その結果、自分自身ががっちり向き合ってこなかったならば当然なのですが、「親の介護の現状」に自信が持てなくなり、感染症が流行する中で「ほったらかし」にしているような自責の念が芽生えてしまって、なにがなんでも自分で面倒を見るべきだという思いにとりつかれてしまう。そんな事例が多いように思います。実際に、「面会謝絶で会えないから」と、老人ホームに入居していた親を自宅に戻し介護を始めてしまうケースも出てきました。
当欄で何度もお話ししている通り、介護は親に対する「贖罪」「責任」の意識で、自責、自罰の思いでやってはいけません。
客観的に「親は何が一番幸せなのか」を考えるところから始め、合理的に「それをどうすれば、最小のリソース(時間・費用・労力)で実現できるのか」を、ビジネスの視点を入れて実施すべきです。そのためのブレインとしてケアマネジャー(ケアマネ)、現場スタッフとして、ヘルパーや介護施設の人々がいるのです。
「今が親孝行をするとき」と行動に移したくなる気持ちも分かります。
ですが、その前に改めて「親にとって安心できる介護体制」について、考えていただきたいのです。繰り返しが多くなってしまいますので、具体的には前回、前々回をお読みいただきたいのですが、感染症が流行する中、親にとって一番安全なのは介護施設であり、介護サービスです。
さて、「そうはいっても、そのサービスがいつまで機能するのか」という不安はごもっともです。すでに介護サービスを利用している場合、親元に行ったり連れ帰るのはNGとするなら、どう対処すべきでしょうか。
悩む前に、チームビルディング!
まずは、ケアマネや地域包括支援センターに「介護サービス提供の自粛や停止があった際に、今の支援の中で優先すべきことは何か?」を相談することです。そして、対策を立てましょう。
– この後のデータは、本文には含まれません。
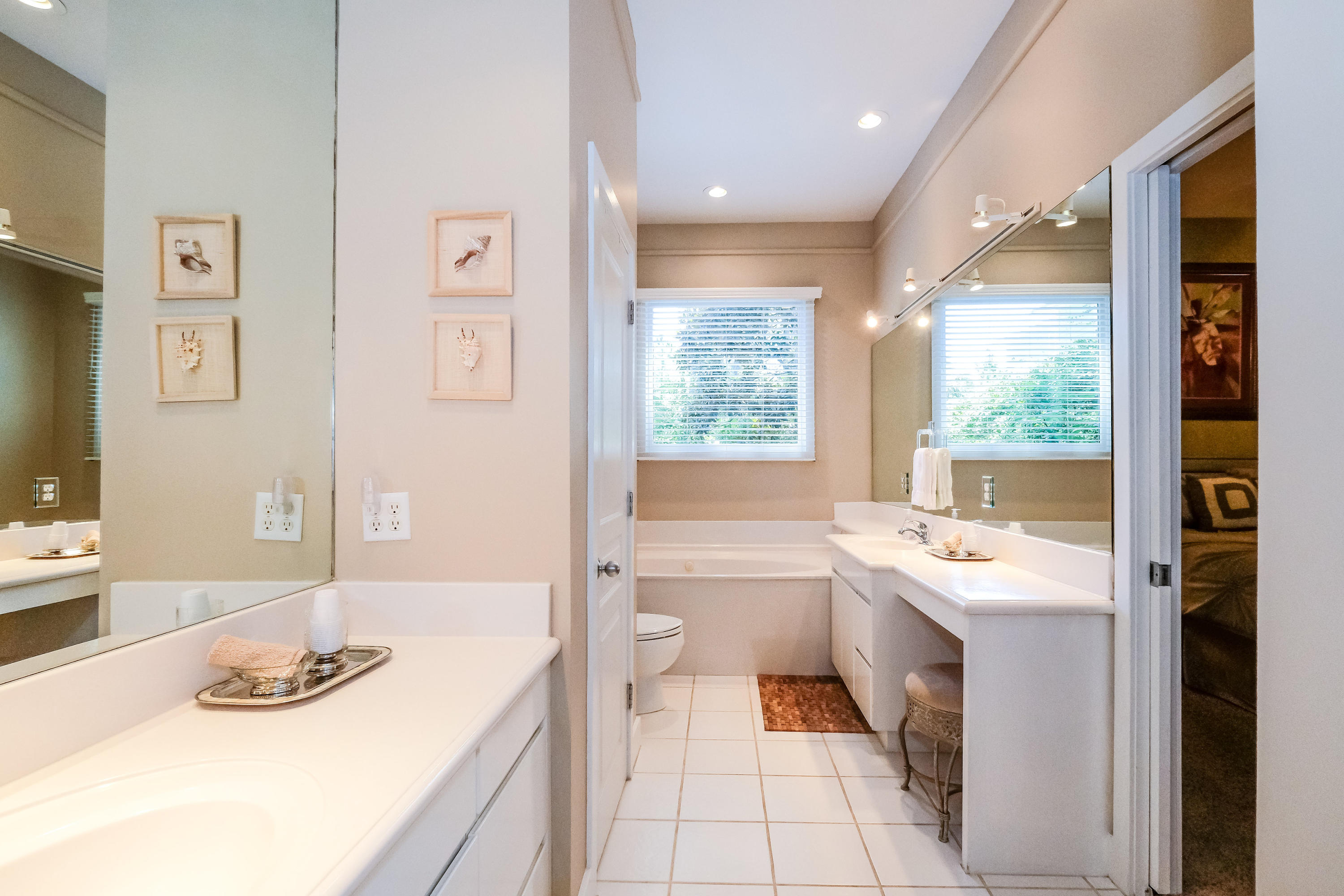 CASSINE VILLAGE - Residential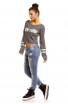 Bluza Emma dark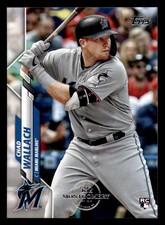 2020 Topps 582 Montgomery Club Parallel 501-700 Set Break * * Pick Your Card * *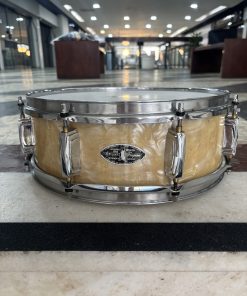 Caixa Pinguim 14 x 5” Vintage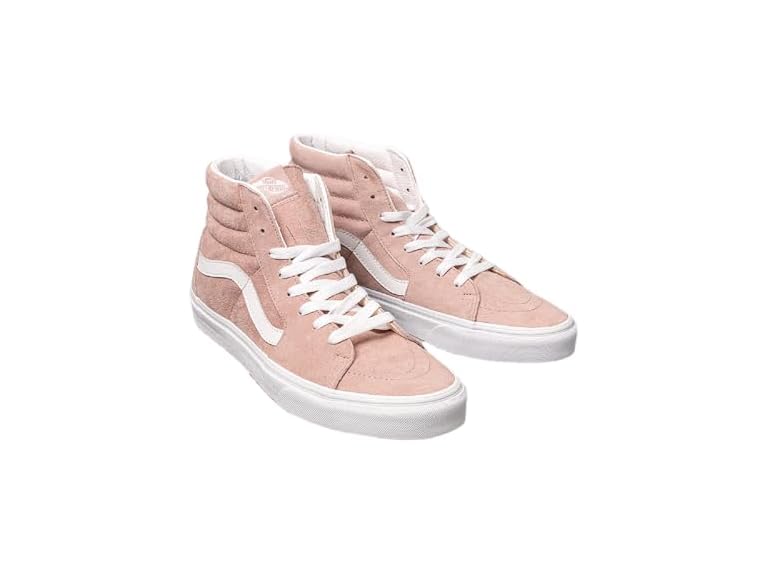 Vans Old Skool  Unisex, Pink, 12 Men / 13.5 Women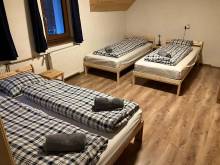 Apartmán Niky - Jáchymov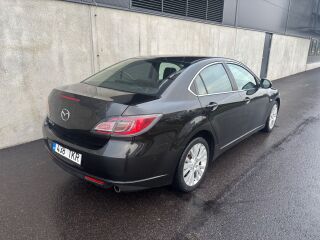 Mazda 6 2.2 120kW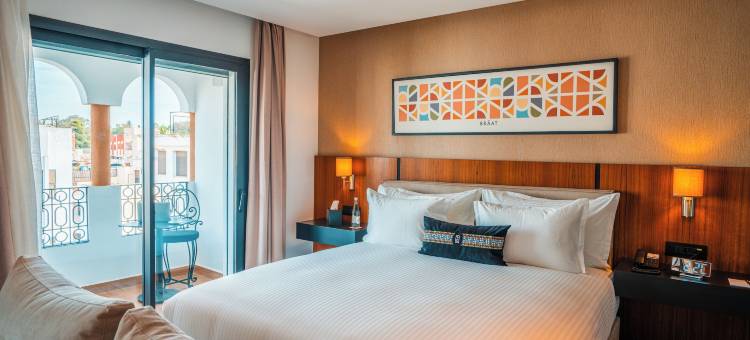 布拉特酒店(Braat Hotel)图片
「親のために、どんなサービスならば利用できるか」は、ケアマネや包括のほうがあなたよりも圧倒的に知識があります。使わない手はありません。仮に現状のサービスに利用制限がかかったときに、どのサービスを取捨選択すべきかについても、日ごろ親の様子を見ているヘルパーやスタッフからの情報を基に、介護が必要な本人の望む暮らしから、客観的な情報を提供してもらえます。
考えてみれば、これは大きなチャンスでもあります。
自分自身が親の介護と向き合う機会になる、ということが1つ、そして、介護スタッフと何でも話し合えるような関係を築くきっかけになる、ということがもう1つです。
「新型コロナでサービスが制限されたら」という心配は誰が考えてもまっとうかつ緊急性があります。包括やケアマネも、当然考慮し、あるいは悩んでいるでしょう。ビジネス上でも、課題を共有するのはチームビルディングの条件であり、危機感は、その絶好の機会です。
新型コロナ対策を切り口に、日ごろの悩みや心配事も含めて、あらいざらい相談してみてください。ここで、何でも話し合える関係性を築くことは今後の介護生活に、必ず良い結果をもたらします。そして話し合いのときには「このような状況下で、本人の想いを大切にするためには何を優先すべきですか?」という質問をしましょう。これによって、介護関係者に「この家族は我々とひとつのチームになって、介護を共に考えていく想いがある」と、伝えることができます。